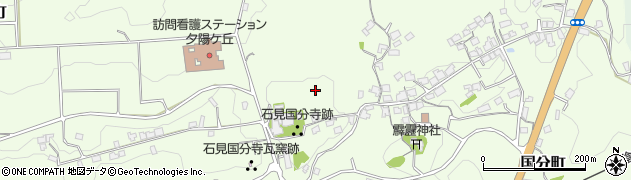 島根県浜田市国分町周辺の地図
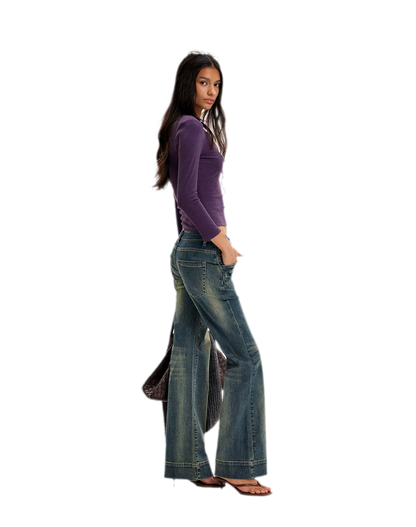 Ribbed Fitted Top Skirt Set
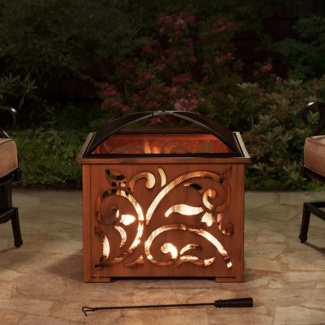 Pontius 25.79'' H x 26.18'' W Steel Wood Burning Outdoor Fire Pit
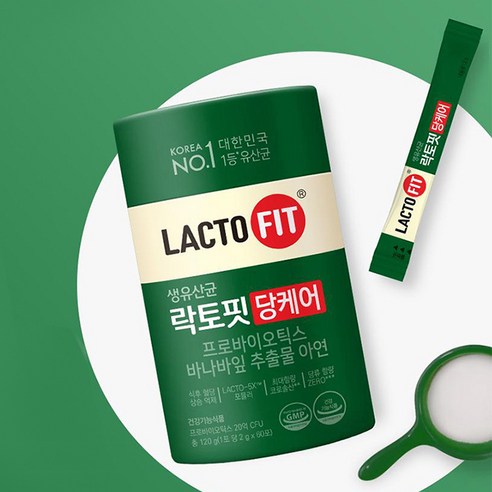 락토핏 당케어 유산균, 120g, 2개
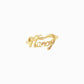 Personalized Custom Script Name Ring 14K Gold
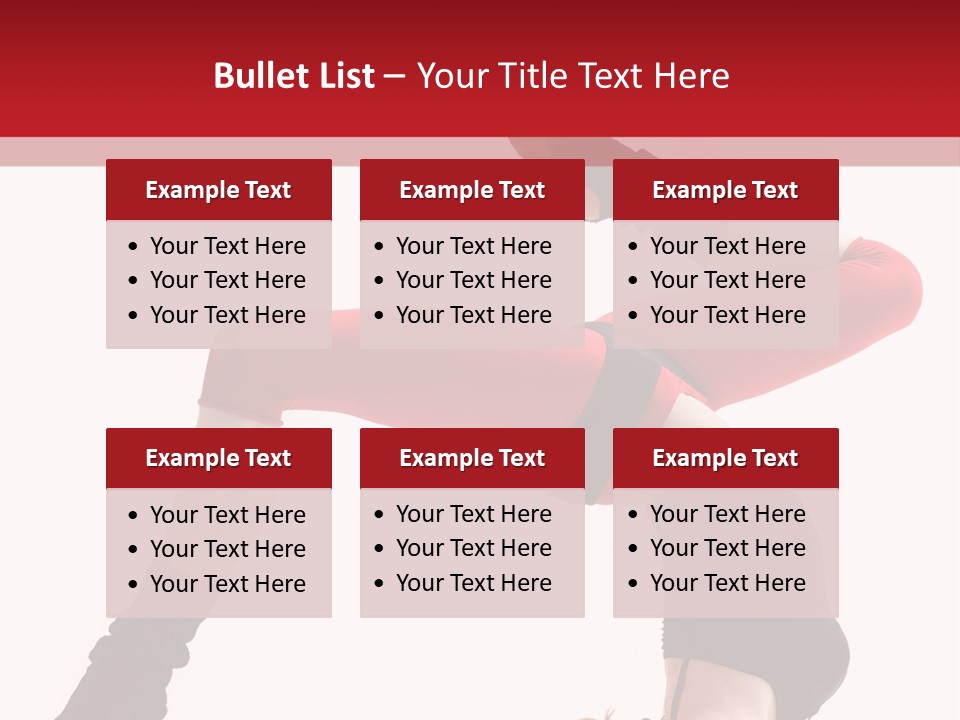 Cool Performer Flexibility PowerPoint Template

---

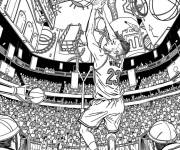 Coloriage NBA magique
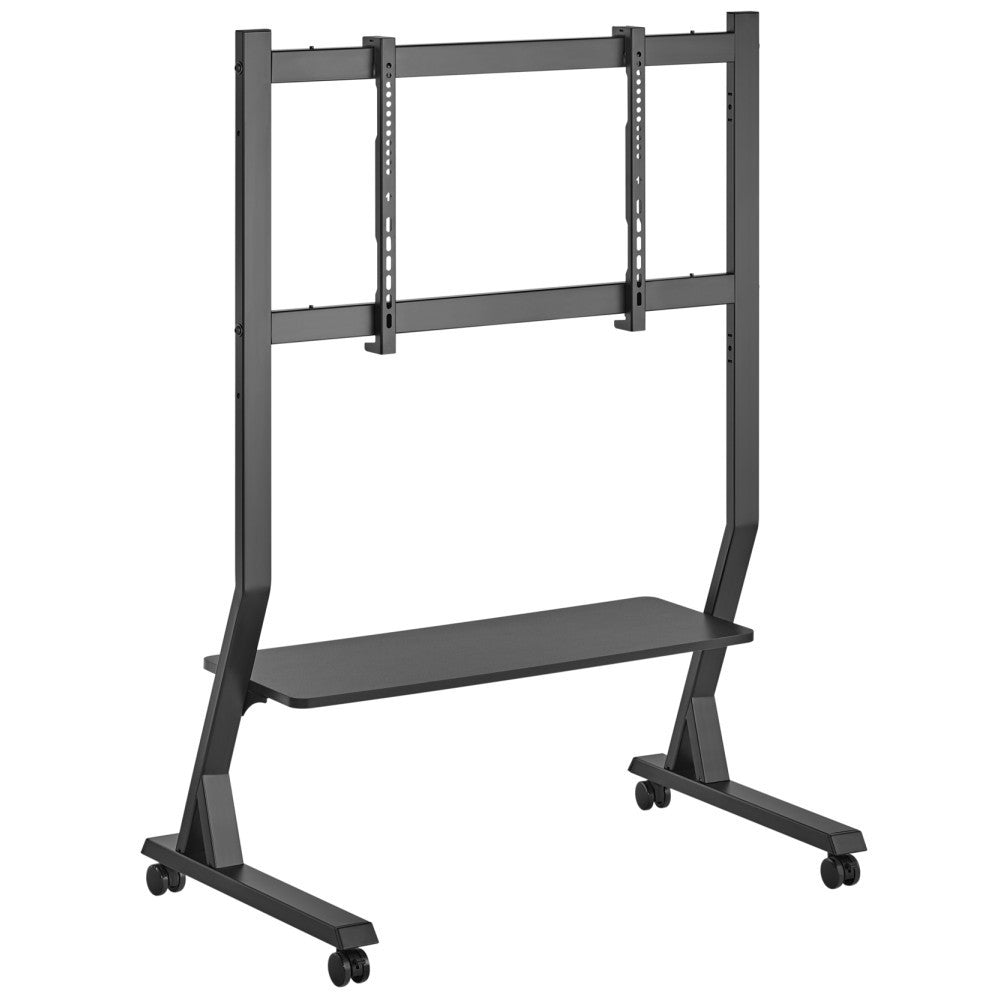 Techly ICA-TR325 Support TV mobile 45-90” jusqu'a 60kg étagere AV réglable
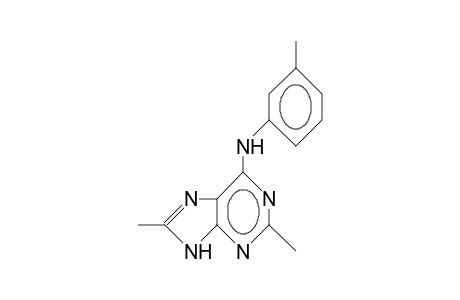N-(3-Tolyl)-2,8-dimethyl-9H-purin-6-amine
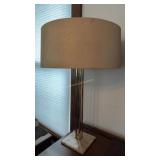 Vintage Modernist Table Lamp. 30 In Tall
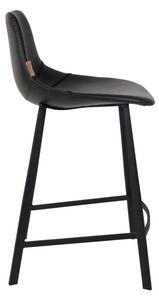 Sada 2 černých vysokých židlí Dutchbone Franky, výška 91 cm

---

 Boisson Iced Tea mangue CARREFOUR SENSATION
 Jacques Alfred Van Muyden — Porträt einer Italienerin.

Exercise instructions -
Output exactly the lines above, from the line with "Coloriage NBA magique" to the line with "Sada 2 černých", both included; skip the pictures.

Answer below -
 Coloriage NBA magique
 Techly ICA-TR325 Support TV mobile 45-90” jusqu'a 60kg étagere AV réglable
N-(3-Tolyl)-2,8-dimethyl-9H-purin-6-amine
 Vintage Modernist Table Lamp. 30 In Tall
 Sada 2 černých vysokých židlí Dutchbone Franky, výška 91 cm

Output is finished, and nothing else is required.